Advocacy groups like March For Our Lives have cautioned viewers about engaging with the film, though specifically criticizing the marketing of the film, positing that “conversation cannot begin and end on screen” when “something like a school shooting is treated lightly or played for irony,” and even asking “what kind of conversation is this meant to start?” Tom Mauser, the parent of a tragically murdered Columbine student, was outraged by the film’s press tour, specifically noting how Zendaya’s mirth and joyful attitude on the Jimmy Kimmel show trivialized and made light of the topic. Many are angered simply by the discussion of school shootings in any other context than a documentary or activism.
Honestly, I have friends with similar feelings, especially as we’re all of a generation where school shootings and mass casualty attacks have become almost normalised with American students doing Active Shooter and Lockdown drills in school, and others being surrounded by their stories in the news. Mauser feels that the film’s premise itself normalizes school shootings. The film’s marketing has kept Emma’s reveal as a gimmick to sell tickets. It risks, at the very least, triggering members of the audience who didn’t know what they were walking into, especially as the film does not shy away from the violence or horror of these incidents.
I won’t lie, and I don’t want to either. This film is absolutely a black comedy, and while I see the merit in these points, I do believe that The Drama is not only starting conversations but, as I see it, making a real case for the practice of radical empathy. As more and more characters struggle with Emma’s past, it becomes difficult not to feel sympathy not only for her current self, but also for her younger version, especially. I haven’t walked out of many (true) rom-coms thinking, and thinking critically, as much as I did after watching The Drama. And isn’t that exactly the point? Because we’re talking about it. And we’re talking about gun violence and advocacy. And we’re talking about empathy. This is the conversation! And you might be angry, and you might have hated the movie. But this is the conversation, so have it.

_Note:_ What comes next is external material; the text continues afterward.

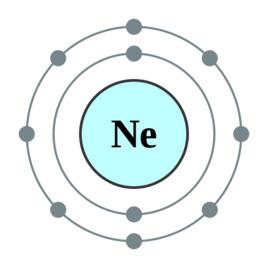 氖(neon(旧译作氝,讹作氞,是一种化学元素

Watching a young Emma connect and open up to her peers for the first time after a separate tragedy is heartbreaking. It changes the trajectory of the rest of her life, and the lives of other students she might have ended had she gone through with the attack. As her circumstances worsen, I’ve found it increasingly frustrating and infuriating that she can’t find just one person to give her grace or love without conditions. Pattinson’s Charlie poses the question in the film: how many people around us, every day, surrounded by the aesthetics and the inundation of mass violence committed by teenagers, considered something similar and didn’t go through with it? Surely, we can understand that. Surely, we can have empathy for everyone who has considered something horrible and not done it. Can we even have empathy for those who have? I believe, yes, almost certainly.
In summation, The Drama is funny. It’s smart. It’s dark, and it will absolutely make you think. I believe it will make you love— just a little bit more than you did before.